In a sort of similar vein (at least in terms of a world where androids and humans co-exist), I finished listening to the audiobook of Klara and the Sun by Kazou Ishiguro. I can't say that I enjoyed Klara and the Sun because it's ultimately--in my opinion, anyway--a tragedy, I did find it very compelling all the way through. I'd read Ishiguro's previous novel, The Buried Giant, when it was up for the Mythopoeic Award (2016). Looking back at my review of that book, I can see that I had similar feelings about it. Ishiguro's narrative style is very dream-like in both of these books, though I was impressed in Klara and the Sun how he was able to tell the readers more than Klara herself always fully understood or grasped. That can be extremely tricky to pull off, and he does it masterfully here. As I told a friend, I liked this book right up to the very last line--and the last line didn't make me HATE the book, just feel deeply, DEEPLY sad.
Otherwise, I crammed in a couple of food-related manga ahead of tomorrow's OH-F*CK-O'CLOCK WorldCON panel "Let Them Eat! Food in Anime." Of them, I really loved all 70+ chapters of Wakako-Zake by Shinkyu Chie. (The link is to my review, but from there, if you like, you can find a copy of the manga.) It is impossible not to spoil this one because the entire manga is about a 28-year old woman who goes out to eat and enjoys her food (and whatever alcohol she pairs it with.) That's it. That's the entire manga. And, I would read 70 more chapter of it, if it were available. As part of all this prep, I also skimmed through the manga Tondemo Skill de Isekai Hourou Meshi / Campfire Cooking in Another World with my Absurd Skill by Eguchi Ren / Akagishi K, reminding myself as to why I loved the anime so much. I also ended up watching a few episodes of Food Wars! so I could reasonably understand what people were talking about, should it come up. I should probably re-read my review of Dungeon Meshi before tomorrow AM, too.

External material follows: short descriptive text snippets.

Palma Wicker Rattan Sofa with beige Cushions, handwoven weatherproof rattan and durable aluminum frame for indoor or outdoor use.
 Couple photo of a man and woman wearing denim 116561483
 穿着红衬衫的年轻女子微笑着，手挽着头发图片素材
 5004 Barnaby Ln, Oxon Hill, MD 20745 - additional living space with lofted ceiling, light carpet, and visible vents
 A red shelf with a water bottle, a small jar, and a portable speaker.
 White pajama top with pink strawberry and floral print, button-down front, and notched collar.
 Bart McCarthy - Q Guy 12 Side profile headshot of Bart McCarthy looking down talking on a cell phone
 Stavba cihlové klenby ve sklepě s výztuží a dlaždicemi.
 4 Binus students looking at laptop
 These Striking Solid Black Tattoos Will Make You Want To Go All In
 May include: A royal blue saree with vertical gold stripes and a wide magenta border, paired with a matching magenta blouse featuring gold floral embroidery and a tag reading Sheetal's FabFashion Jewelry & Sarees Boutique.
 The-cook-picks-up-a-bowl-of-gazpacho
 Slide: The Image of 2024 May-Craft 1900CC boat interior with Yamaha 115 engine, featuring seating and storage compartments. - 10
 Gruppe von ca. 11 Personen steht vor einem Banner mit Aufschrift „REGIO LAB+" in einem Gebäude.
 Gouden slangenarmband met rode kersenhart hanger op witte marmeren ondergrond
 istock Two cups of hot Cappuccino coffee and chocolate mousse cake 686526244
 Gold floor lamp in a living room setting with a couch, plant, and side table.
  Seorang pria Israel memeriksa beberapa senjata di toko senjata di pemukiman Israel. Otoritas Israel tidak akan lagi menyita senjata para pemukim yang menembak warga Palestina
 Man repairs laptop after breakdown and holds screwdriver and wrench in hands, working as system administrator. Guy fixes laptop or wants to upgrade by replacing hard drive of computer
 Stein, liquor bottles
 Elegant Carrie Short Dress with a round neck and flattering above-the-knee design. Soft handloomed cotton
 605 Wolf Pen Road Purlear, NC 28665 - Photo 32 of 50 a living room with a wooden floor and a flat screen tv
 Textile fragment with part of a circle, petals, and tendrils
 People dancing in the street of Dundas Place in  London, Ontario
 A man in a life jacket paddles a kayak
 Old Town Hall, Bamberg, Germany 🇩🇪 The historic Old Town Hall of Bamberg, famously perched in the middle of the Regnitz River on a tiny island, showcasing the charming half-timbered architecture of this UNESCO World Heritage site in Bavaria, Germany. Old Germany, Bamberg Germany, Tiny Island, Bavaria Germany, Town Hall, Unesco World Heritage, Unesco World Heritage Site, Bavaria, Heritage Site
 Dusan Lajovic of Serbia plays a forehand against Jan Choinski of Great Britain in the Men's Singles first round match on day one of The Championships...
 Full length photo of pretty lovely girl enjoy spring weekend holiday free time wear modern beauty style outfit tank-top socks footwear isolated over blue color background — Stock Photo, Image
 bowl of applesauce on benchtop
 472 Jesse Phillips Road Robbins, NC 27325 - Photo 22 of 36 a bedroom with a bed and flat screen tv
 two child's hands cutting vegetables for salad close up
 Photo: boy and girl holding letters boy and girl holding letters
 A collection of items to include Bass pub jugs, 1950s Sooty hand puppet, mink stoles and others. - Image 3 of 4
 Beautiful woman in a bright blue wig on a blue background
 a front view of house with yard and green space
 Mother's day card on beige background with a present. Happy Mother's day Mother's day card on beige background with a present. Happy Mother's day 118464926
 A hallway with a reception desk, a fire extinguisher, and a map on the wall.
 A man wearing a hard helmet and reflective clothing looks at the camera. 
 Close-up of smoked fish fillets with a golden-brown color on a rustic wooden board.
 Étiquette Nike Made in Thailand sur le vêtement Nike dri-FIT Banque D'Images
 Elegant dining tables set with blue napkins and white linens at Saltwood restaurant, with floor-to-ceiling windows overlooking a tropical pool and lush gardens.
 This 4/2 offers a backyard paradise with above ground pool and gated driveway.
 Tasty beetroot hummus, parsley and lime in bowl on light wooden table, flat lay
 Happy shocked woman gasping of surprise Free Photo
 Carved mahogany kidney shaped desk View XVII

Unrelated, I also read the Japanese re-imagining of Batman manga called Batman: Justice Buster by by Shimizu Eiichi and Shimoguchi Tomohiro, (Again, all the links to the manga will take you to my review, but from there you can usually get to an online version of the manga.) I really loved what they did with the Joker in this series, honestly. If you are a Batman fan... well, it might drive you crazy? Or you might love it.
Over the weekend, I read a couple of cyberpunk short stories that were collected in The Big Book of Cyberpunk that I'm borrowing from a friend. I re-read James Tiptree, Jr.'s "The Girl Who Was Plugged In," and Pat Cadigan's "Pretty Boy Crossover."
Oh, and I listened to the first couple of episodes of the Call of Cthulhu Mystery Theater podcast and The-Channel-Show, since both of the producers of those shows will be part of the panel that I'll be moderating on Saturday. The first is a slightly scripted TTRPG podcast of a cast of characters playing Call of Cthulhu, the only TTRPG that I ever rage quit. It is one of those that is designed to end in a total party kill/deep insanity and I had spent way too much time building my character... and so I was deeply upset to be agoraphobic (and thus basically useless) after the first session. Unlike me, these actors are aware of what they're getting into, so it's more fun to listen to. The-Channel-Show is... deeply weird. The first few episodes, at any rate, are basically two people (AIs?) "channeling" the future of... some world? Possibly ours? Possibly not? But, it's very surreal and... yeah, not for me. But, weirdly, when I was on the how-to workshop for Glasgow WorldCON online stuff, the writer/producer person Dana Little was on the same call. She didn't put her camera on, but seeing her name come up was just sort of "Oh. There you are. I was just listening to you be VERY STRANGE. Hello," you know?
I think that's everything!
I should probably go organize myself for tomorrow, but what about you? Have you been reading anything good lately? Anything not so good?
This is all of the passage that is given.